Ora parece não ser pequena emenda o augmento de tres pórtos, dois dos quaes podem ser de de grande utilidade pata arribarem alguns Navios por occasião de necessidade, taes são o do Ferreiro, e de Feijão da agua.

Não fica só nisto a emenda da Ilha brava: esta Ilha na Carta de Mr. d'Aprés he comprida, e lançada do Noroeste ao Sueste, e rodeada de perigos, sendo ella quasi redonda, e o maior comprimento do Norte ao Sul, e livre de perigos: pois só tem os Ilheos chamados de cima, e de baixo, como se vê na minha Carta; e estes mesmos não são cercados de perigos, e só tem algumas restingas de arêa com pouco fundo. Em quanto aos meios de que me servi para tirar a planta desta Ilha, são mais que sufficientes para o uso da Navegação: e até me atrevo presentemente a propôr hum bom premio para os que repugnárão os ditos meios, se me mostrarem outro methodo mais exacto, e mais simples, usando dos mesmos aprestimos, e em iguaes circumstancias: eu os omitto aqui por me livrar de maior despeza.2 Mas posso affirmar que se eu podesse tirar a planta das outras Ilhas, como tirei a desta, a minha Carta seria huma das mais exactas. E em quanto ás outras, que tambem emendei, servi-me dos meios, de que se servem todos os Navegadores, andando á véla: e talvez os Mathematicos, que notárão a minha Carta por menos exacta, que a de d'Aprés, não fizessem com huns poucos de mil cruzados de despeza, o que eu fiz por patriotismo, e curiosidade (e a experiencia o tem mostrado): o Leitor Sabio dirá, sendo isto assim, como na verdade o he; porque senão hão de louvar os trabalhos, que varios homens de genio offerecem gratuitamente? eu lhe respondo sem talvez me enganar muito; porque algumas vezes succede dar-se o premio ao que critíca huma Obra, em lugar de dar-se ao que a fez sem tenção de interesse, e como he incomparavelmente mais facil dizer mal de huma Obra, do que fazer outra tão boa, ou melhor, sempre ha de ser muito maior o número dos zoilos, do que o dos homens úteis: mas vamos ao nosso objecto.
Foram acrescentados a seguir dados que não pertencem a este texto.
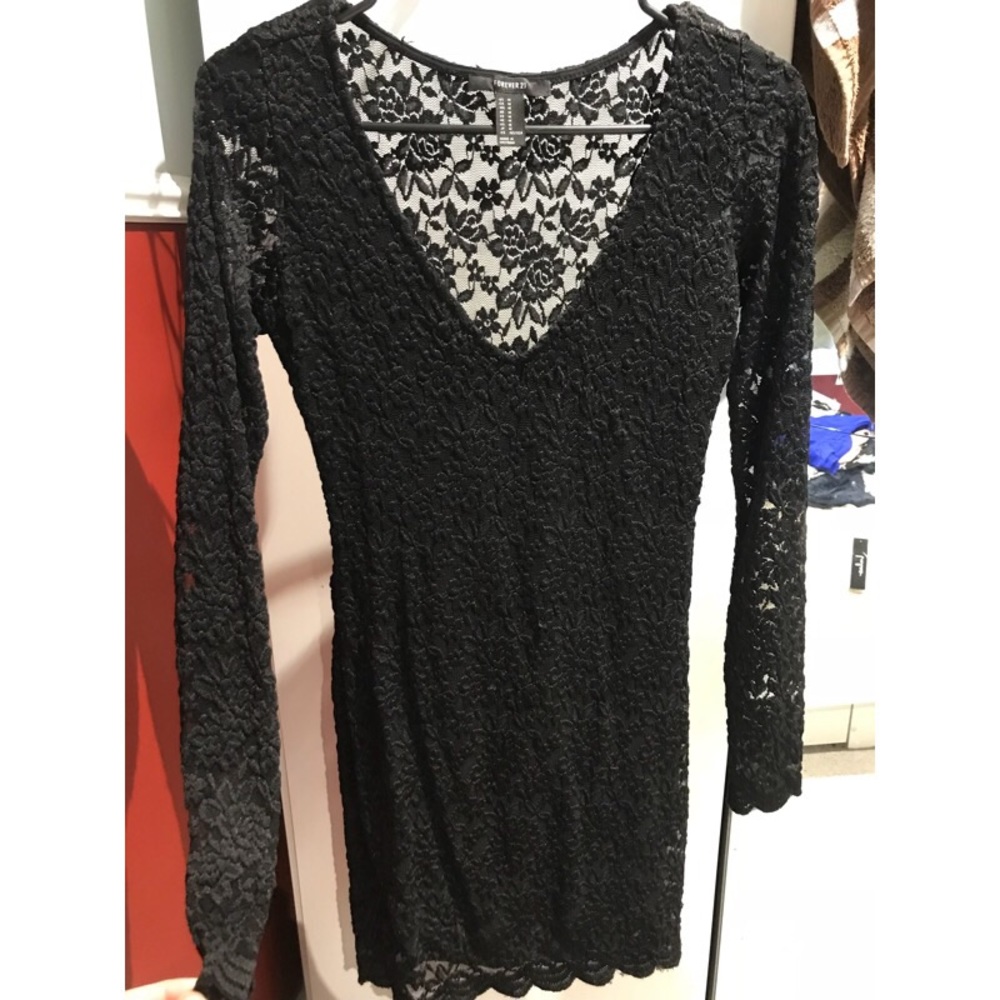 Black Long Sleeve Lace Dress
Tem visto o Leitor, que a Ilha brava pintada na minha Carta, he a bem dizer huma nova Ilha comparada com a que vem na Carta de d'Aprés; sem que por isto se diminua o crédito de d'Aprés, pois elle nunca foi a tal Ilha, e só a veria de longe, bem como Mr. Fleurieu , e Verdum; cujos Navegadores forão tão sómente á Villa da praia na Ilha de S. Tiago.